---- Exercise input

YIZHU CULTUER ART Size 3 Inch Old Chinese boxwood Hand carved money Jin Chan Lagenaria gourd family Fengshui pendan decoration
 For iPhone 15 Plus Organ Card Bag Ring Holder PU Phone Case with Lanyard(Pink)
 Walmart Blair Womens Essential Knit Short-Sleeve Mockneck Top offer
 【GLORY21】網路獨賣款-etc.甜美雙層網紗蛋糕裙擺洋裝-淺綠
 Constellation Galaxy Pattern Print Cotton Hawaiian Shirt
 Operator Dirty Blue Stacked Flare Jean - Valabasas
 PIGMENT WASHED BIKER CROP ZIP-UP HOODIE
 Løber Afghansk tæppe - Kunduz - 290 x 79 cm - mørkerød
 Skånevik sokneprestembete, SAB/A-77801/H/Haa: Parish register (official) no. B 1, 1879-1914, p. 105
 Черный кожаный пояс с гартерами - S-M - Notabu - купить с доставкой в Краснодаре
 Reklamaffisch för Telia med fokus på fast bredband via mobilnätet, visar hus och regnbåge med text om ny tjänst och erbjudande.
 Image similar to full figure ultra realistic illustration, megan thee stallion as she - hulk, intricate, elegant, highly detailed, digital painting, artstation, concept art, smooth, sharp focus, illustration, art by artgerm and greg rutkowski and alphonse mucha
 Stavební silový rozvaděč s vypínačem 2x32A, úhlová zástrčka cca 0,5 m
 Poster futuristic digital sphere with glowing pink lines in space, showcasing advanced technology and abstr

--------

◆ **Task item**
Give an exact copy of the lines from the one with "Stavební silový rozvaděč" through the end of the entries, both ends included.

◆ **Result for this task**
 Stavební silový rozvaděč s vypínačem 2x32A, úhlová zástrčka cca 0,5 m
 Poster futuristic digital sphere with glowing pink lines in space, showcasing advanced technology and abstr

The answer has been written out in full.